The school is now investigating exactly what happened before deciding what action – if any – to take against Codie.
Headteacher Dr Antony Edkins said: “An allegation of a serious nature was made concerning a racially motivated remark by one student towards a group of Asian students new to the school and new to the country.”
“We aim to ensure a caring and tolerant attitude towards people and pupils of all ethnic backgrounds and will not stand for racism in any form.”
You can read the rest of the article here. The phrase “preemptive obedience” applies perfectly to a situation in which a teacher and a school reacted so violently to anti-Islamist perceived insult that they sicced the police on a child, even though it does not appear that the “Asian” students themselves objected.
And as you read this article, please keep in the back of your mind the school’s Orwellian Newspeak. Thus, after having a 14 year old arrested and placed in solitary for (a) objecting to being placed in a work group where no one spoke the language in which the class was being taught and (b) perhaps calling the students “black” behind their backs, the head of the school states with a straight face that “We aim to ensure a caring and tolerant attitude towards people and pupils of all ethnic backgrounds and will not stand for racism in any form.”
That last bit of New Speak wraps around to a war of words, or a one-sided war of words we are now seeing fought regularly here in America. I’ve already pointed out the fact that, to the Left, any verbal attacks from private citizens entitle them to play the government censorship card. In their view, words from the Right are deadly weapons (perhaps because, in the war of words, they have no weapons with which to answer back).
Today, Peggy Noonan notes in the Opinion Journal that, in addition to crying out in pain at words challenging their ideas, the liberal media and liberal academic institutions are busy shutting down any effort even to speak those challenges to liberal dogma. After pointing out four well-publicized instances in which the liberal media and academia worked to silence those who offended them, Noonan has this to say:
It is not only about rage and resentment, and how some have come to see them as virtues, as an emblem of rightness. I feel so much, therefore my views are correct and must prevail. It is about something so obvious it is almost embarrassing to state. Free speech means hearing things you like and agree with, and it means allowing others to speak whose views you do not like or agree with. This–listening to the other person with respect and forbearance, and with an acceptance of human diversity–is the price we pay for living in a great democracy. And it is a really low price for such a great thing.
We all know this, at least in the abstract. Why are so many forgetting it in the particular?
Let us be more pointed. Students, stars, media movers, academics: They are always saying they want debate, but they don’t. They want their vision imposed. They want to win. And if the win doesn’t come quickly, they’ll rush the stage, curse you out, attempt to intimidate.
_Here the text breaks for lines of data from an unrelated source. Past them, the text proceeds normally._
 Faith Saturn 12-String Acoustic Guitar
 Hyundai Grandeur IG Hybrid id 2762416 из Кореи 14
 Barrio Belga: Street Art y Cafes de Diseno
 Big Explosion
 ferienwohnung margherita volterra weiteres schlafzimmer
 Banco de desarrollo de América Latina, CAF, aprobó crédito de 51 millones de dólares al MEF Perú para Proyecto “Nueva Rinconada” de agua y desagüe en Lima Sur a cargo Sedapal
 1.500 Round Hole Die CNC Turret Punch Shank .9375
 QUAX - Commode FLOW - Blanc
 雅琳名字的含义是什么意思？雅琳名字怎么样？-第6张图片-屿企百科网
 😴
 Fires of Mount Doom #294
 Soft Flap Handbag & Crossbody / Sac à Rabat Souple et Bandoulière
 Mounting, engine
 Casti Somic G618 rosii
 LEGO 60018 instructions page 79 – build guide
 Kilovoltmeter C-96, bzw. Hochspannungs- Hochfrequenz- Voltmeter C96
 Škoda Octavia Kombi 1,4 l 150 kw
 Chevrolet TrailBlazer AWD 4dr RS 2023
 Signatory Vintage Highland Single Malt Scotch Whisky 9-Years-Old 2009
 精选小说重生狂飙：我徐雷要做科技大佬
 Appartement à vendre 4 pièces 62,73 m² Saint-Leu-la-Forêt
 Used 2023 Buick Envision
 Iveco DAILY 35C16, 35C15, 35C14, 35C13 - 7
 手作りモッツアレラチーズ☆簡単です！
And they don’t always recognize themselves to be bullying. So full of their righteousness are they that they have lost the ability to judge themselves and their manner.
And all this continues to come more from the left than the right in America.
You see, just as in England, the vocal on the Left trumpet the fact that they’re all about “caring and tolerant attitude[s] towards people,” except that they’re not. Any deviation from their norm (and you can define their norm however you wish), results in violent and comprehensive efforts to silence that deviation. For those of you familiar with Madeline L’Engle’s “A Wrinkle in Time,” you should be reminded of that far away planet, overtaken by evil, in which “It” forces all of the planet’s citizens to think and speak a single way, or suffer severe punishment and reeducation. I certainly know I’m reminded of that cold, dark, drab place, and it makes me shudder to think it may one day be my home.